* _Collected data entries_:

================================

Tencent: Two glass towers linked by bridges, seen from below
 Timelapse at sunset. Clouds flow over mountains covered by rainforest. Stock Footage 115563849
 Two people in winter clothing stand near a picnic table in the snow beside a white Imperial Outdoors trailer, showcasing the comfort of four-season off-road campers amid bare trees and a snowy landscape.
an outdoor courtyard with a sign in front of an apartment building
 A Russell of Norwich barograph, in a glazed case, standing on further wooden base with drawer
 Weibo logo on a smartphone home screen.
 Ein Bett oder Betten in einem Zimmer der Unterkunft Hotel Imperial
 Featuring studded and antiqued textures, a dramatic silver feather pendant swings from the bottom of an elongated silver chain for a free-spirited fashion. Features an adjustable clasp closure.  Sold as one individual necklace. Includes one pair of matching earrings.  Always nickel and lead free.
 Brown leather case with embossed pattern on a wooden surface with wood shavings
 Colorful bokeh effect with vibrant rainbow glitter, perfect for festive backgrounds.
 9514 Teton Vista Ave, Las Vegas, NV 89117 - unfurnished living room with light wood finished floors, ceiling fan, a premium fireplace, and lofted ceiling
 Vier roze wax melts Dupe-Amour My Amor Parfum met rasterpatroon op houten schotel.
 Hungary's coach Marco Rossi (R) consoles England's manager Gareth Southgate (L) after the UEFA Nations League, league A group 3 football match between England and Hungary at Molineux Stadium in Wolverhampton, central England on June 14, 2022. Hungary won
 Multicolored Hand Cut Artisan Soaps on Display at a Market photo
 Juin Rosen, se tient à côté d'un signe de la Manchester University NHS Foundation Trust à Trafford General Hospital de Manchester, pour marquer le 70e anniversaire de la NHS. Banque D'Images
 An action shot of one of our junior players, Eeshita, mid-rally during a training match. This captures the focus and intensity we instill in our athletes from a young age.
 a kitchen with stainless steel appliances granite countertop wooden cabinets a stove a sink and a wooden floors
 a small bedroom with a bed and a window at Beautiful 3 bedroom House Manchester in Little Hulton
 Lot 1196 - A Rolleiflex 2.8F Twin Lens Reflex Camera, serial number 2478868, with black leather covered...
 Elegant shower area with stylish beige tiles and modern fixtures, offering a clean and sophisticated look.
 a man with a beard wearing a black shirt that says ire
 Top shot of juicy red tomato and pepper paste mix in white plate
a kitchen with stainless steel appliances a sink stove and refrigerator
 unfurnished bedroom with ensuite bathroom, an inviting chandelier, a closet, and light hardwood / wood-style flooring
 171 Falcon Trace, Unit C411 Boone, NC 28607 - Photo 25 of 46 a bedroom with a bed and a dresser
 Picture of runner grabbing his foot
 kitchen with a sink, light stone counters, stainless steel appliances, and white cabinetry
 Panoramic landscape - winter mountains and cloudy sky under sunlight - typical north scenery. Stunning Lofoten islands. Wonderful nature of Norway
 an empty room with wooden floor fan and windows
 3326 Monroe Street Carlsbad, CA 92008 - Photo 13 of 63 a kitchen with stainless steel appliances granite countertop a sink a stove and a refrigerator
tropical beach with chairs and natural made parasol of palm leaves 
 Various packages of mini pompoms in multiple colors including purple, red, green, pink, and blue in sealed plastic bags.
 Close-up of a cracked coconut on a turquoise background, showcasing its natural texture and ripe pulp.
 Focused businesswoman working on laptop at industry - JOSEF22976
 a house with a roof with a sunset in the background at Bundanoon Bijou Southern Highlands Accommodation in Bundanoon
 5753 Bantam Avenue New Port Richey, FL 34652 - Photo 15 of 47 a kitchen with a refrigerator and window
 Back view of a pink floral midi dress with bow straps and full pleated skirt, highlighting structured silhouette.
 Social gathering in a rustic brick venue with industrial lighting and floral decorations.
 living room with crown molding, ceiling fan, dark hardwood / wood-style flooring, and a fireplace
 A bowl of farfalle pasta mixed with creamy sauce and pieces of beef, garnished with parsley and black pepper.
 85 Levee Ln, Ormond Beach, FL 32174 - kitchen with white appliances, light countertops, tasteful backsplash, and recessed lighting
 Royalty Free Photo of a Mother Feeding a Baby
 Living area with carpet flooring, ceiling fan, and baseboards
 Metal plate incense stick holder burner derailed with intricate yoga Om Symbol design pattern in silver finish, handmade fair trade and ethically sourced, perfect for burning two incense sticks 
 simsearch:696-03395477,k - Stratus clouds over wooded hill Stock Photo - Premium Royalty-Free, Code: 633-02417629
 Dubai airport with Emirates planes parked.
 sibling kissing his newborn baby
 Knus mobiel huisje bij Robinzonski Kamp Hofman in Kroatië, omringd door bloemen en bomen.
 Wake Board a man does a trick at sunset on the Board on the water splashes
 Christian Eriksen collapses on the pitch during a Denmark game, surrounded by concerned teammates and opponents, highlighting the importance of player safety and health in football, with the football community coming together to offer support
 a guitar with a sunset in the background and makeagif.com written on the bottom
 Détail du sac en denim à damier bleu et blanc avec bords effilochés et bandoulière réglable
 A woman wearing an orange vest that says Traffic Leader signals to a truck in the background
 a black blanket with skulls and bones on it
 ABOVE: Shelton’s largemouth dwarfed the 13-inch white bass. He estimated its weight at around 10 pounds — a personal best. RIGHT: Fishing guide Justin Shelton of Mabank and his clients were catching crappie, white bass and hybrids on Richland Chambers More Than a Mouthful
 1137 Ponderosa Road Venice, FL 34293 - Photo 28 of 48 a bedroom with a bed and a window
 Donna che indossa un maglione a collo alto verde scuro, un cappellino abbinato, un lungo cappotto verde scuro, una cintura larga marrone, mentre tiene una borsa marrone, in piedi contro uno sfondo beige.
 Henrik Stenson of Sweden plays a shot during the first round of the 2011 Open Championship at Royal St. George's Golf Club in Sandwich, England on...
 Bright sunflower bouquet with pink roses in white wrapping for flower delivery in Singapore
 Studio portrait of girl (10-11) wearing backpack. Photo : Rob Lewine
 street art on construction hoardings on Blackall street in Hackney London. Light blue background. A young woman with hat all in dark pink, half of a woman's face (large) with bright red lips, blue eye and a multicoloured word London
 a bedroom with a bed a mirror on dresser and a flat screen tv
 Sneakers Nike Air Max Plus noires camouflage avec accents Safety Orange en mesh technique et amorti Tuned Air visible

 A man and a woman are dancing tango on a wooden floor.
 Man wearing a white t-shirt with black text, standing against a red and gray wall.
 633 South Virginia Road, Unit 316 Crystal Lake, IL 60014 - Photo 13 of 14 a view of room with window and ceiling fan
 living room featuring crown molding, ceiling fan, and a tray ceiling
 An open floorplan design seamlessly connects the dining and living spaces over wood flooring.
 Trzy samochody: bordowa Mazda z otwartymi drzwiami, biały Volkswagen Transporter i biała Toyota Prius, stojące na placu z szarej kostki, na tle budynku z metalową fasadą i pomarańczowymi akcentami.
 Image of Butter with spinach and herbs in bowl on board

================================

* _Problem statement_: Every entry above should be given again exactly as shown.

* _Response area_:
Tencent: Two glass towers linked by bridges, seen from below
 Timelapse at sunset. Clouds flow over mountains covered by rainforest. Stock Footage 115563849
 Two people in winter clothing stand near a picnic table in the snow beside a white Imperial Outdoors trailer, showcasing the comfort of four-season off-road campers amid bare trees and a snowy landscape.
an outdoor courtyard with a sign in front of an apartment building
 A Russell of Norwich barograph, in a glazed case, standing on further wooden base with drawer
 Weibo logo on a smartphone home screen.
 Ein Bett oder Betten in einem Zimmer der Unterkunft Hotel Imperial
 Featuring studded and antiqued textures, a dramatic silver feather pendant swings from the bottom of an elongated silver chain for a free-spirited fashion. Features an adjustable clasp closure.  Sold as one individual necklace. Includes one pair of matching earrings.  Always nickel and lead free.
 Brown leather case with embossed pattern on a wooden surface with wood shavings
 Colorful bokeh effect with vibrant rainbow glitter, perfect for festive backgrounds.
 9514 Teton Vista Ave, Las Vegas, NV 89117 - unfurnished living room with light wood finished floors, ceiling fan, a premium fireplace, and lofted ceiling
 Vier roze wax melts Dupe-Amour My Amor Parfum met rasterpatroon op houten schotel.
 Hungary's coach Marco Rossi (R) consoles England's manager Gareth Southgate (L) after the UEFA Nations League, league A group 3 football match between England and Hungary at Molineux Stadium in Wolverhampton, central England on June 14, 2022. Hungary won
 Multicolored Hand Cut Artisan Soaps on Display at a Market photo
 Juin Rosen, se tient à côté d'un signe de la Manchester University NHS Foundation Trust à Trafford General Hospital de Manchester, pour marquer le 70e anniversaire de la NHS. Banque D'Images
 An action shot of one of our junior players, Eeshita, mid-rally during a training match. This captures the focus and intensity we instill in our athletes from a young age.
 a kitchen with stainless steel appliances granite countertop wooden cabinets a stove a sink and a wooden floors
 a small bedroom with a bed and a window at Beautiful 3 bedroom House Manchester in Little Hulton
 Lot 1196 - A Rolleiflex 2.8F Twin Lens Reflex Camera, serial number 2478868, with black leather covered...
 Elegant shower area with stylish beige tiles and modern fixtures, offering a clean and sophisticated look.
 a man with a beard wearing a black shirt that says ire
 Top shot of juicy red tomato and pepper paste mix in white plate
a kitchen with stainless steel appliances a sink stove and refrigerator
 unfurnished bedroom with ensuite bathroom, an inviting chandelier, a closet, and light hardwood / wood-style flooring
 171 Falcon Trace, Unit C411 Boone, NC 28607 - Photo 25 of 46 a bedroom with a bed and a dresser
 Picture of runner grabbing his foot
 kitchen with a sink, light stone counters, stainless steel appliances, and white cabinetry
 Panoramic landscape - winter mountains and cloudy sky under sunlight - typical north scenery. Stunning Lofoten islands. Wonderful nature of Norway
 an empty room with wooden floor fan and windows
 3326 Monroe Street Carlsbad, CA 92008 - Photo 13 of 63 a kitchen with stainless steel appliances granite countertop a sink a stove and a refrigerator
tropical beach with chairs and natural made parasol of palm leaves 
 Various packages of mini pompoms in multiple colors including purple, red, green, pink, and blue in sealed plastic bags.
 Close-up of a cracked coconut on a turquoise background, showcasing its natural texture and ripe pulp.
 Focused businesswoman working on laptop at industry - JOSEF22976
 a house with a roof with a sunset in the background at Bundanoon Bijou Southern Highlands Accommodation in Bundanoon
 5753 Bantam Avenue New Port Richey, FL 34652 - Photo 15 of 47 a kitchen with a refrigerator and window
 Back view of a pink floral midi dress with bow straps and full pleated skirt, highlighting structured silhouette.
 Social gathering in a rustic brick venue with industrial lighting and floral decorations.
 living room with crown molding, ceiling fan, dark hardwood / wood-style flooring, and a fireplace
 A bowl of farfalle pasta mixed with creamy sauce and pieces of beef, garnished with parsley and black pepper.
 85 Levee Ln, Ormond Beach, FL 32174 - kitchen with white appliances, light countertops, tasteful backsplash, and recessed lighting
 Royalty Free Photo of a Mother Feeding a Baby
 Living area with carpet flooring, ceiling fan, and baseboards
 Metal plate incense stick holder burner derailed with intricate yoga Om Symbol design pattern in silver finish, handmade fair trade and ethically sourced, perfect for burning two incense sticks 
 simsearch:696-03395477,k - Stratus clouds over wooded hill Stock Photo - Premium Royalty-Free, Code: 633-02417629
 Dubai airport with Emirates planes parked.
 sibling kissing his newborn baby
 Knus mobiel huisje bij Robinzonski Kamp Hofman in Kroatië, omringd door bloemen en bomen.
 Wake Board a man does a trick at sunset on the Board on the water splashes
 Christian Eriksen collapses on the pitch during a Denmark game, surrounded by concerned teammates and opponents, highlighting the importance of player safety and health in football, with the football community coming together to offer support
 a guitar with a sunset in the background and makeagif.com written on the bottom
 Détail du sac en denim à damier bleu et blanc avec bords effilochés et bandoulière réglable
 A woman wearing an orange vest that says Traffic Leader signals to a truck in the background
 a black blanket with skulls and bones on it
 ABOVE: Shelton’s largemouth dwarfed the 13-inch white bass. He estimated its weight at around 10 pounds — a personal best. RIGHT: Fishing guide Justin Shelton of Mabank and his clients were catching crappie, white bass and hybrids on Richland Chambers More Than a Mouthful
 1137 Ponderosa Road Venice, FL 34293 - Photo 28 of 48 a bedroom with a bed and a window
 Donna che indossa un maglione a collo alto verde scuro, un cappellino abbinato, un lungo cappotto verde scuro, una cintura larga marrone, mentre tiene una borsa marrone, in piedi contro uno sfondo beige.
 Henrik Stenson of Sweden plays a shot during the first round of the 2011 Open Championship at Royal St. George's Golf Club in Sandwich, England on...
 Bright sunflower bouquet with pink roses in white wrapping for flower delivery in Singapore
 Studio portrait of girl (10-11) wearing backpack. Photo : Rob Lewine
 street art on construction hoardings on Blackall street in Hackney London. Light blue background. A young woman with hat all in dark pink, half of a woman's face (large) with bright red lips, blue eye and a multicoloured word London
 a bedroom with a bed a mirror on dresser and a flat screen tv
 Sneakers Nike Air Max Plus noires camouflage avec accents Safety Orange en mesh technique et amorti Tuned Air visible

 A man and a woman are dancing tango on a wooden floor.
 Man wearing a white t-shirt with black text, standing against a red and gray wall.
 633 South Virginia Road, Unit 316 Crystal Lake, IL 60014 - Photo 13 of 14 a view of room with window and ceiling fan
 living room featuring crown molding, ceiling fan, and a tray ceiling
 An open floorplan design seamlessly connects the dining and living spaces over wood flooring.
 Trzy samochody: bordowa Mazda z otwartymi drzwiami, biały Volkswagen Transporter i biała Toyota Prius, stojące na placu z szarej kostki, na tle budynku z metalową fasadą i pomarańczowymi akcentami.
 Image of Butter with spinach and herbs in bowl on board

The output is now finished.